The fifth to 10th spots were held by New Zealand Prime Minister John Key, Australian Prime Minister Malcolm Turnbull, Japanese Prime Minister Shinzo Abe, Brunei Sultan Hassanal Bolkiah and Chinese President Xi Jinping.
An informal survey we did among fashion watchers seems to mirror the online poll’s results.
“Because of his height, Trudeau looked quite dapper,” said businesswoman Ruby Gan. “And so was Nieto. From what I saw from online pictures, these two world leaders had their collar buttons closed. Thus, they looked very good, very polished.”
Apart from Trudeau, Globe executive Ronald Gonzales also cites Bolkiah, Hong Kong Chief Executive Leung Chun-ying and Turnbull for looking “dignified.”
“His barong fit perfectly and the length was right,” said Gonzales of Leung. “New Zealand Prime Minister John Key also looked great. I only wish he wore black instead of navy pants.”
Despite wearing a barong that was a tad loose, the diminutive Nieto looked “dashing,” Gonzales said. Obama would have looked better, he said, had he worn “a traditionally cut barong with four buttons in front.”
“I wished Obama and many of the Apec leaders were advised to close the top button,” said Gonzales. “Among the women, my favorite is the wife of Thai Prime Minister Prayuth Chan-ocha. She looked regal in her piña blazer, which she accessorized just right.”
The short-sleeve undershirts the men wore didn’t look too flattering in photos. Next time, leaders should be given made-to-measure long-sleeve undershirts to go with their barong, he added.
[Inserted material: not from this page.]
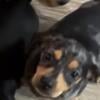 Male miniature dachshund puppy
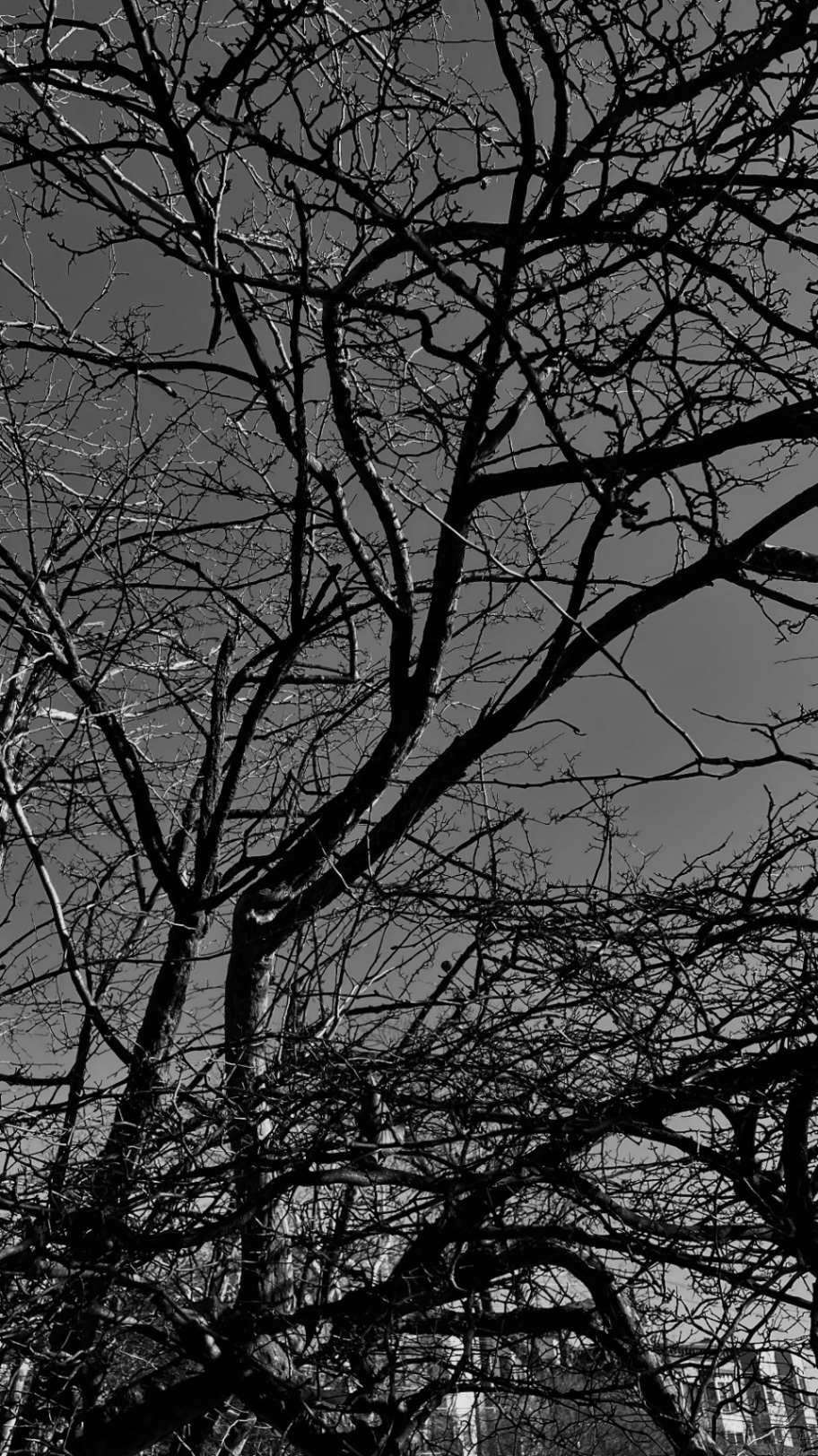 Solo contigo me tengo.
A good number of netizens may have noticed Obama’s sleeves, which looked a tad short, but network stylist Anjoy Hipolito doesn’t mind.
“Obama tops them all perhaps because of his height, color, posture and confidence,” he said. “Many of the Asian leaders also carried the barong well.”
Inquirer Lifestyle columnist Melanie Cuevas also picked Obama, Nieto and Trudeau.
“I also liked how South Korean President Park Geun-hye and Japan’s First Lady Akie Abe wore their respective attires—they managed to look simple but elegant,” she said.
If they want to look impeccable in a barong, men should find the time to fit, said Cabral. It doesn’t come as a surprise that Trudeau, Leung and Turnbull looked great because they fit their barong hours before Wednesday’s welcome dinner at the SM MOA Arena.
Cabral, who oversaw the barong’s embroidery, which mirrored each country’s culture and history, spent four months working on the leaders’ outfits. Since the eyes of the world would be scrutinizing his creations, he decided to close his shop for a month to focus on the project.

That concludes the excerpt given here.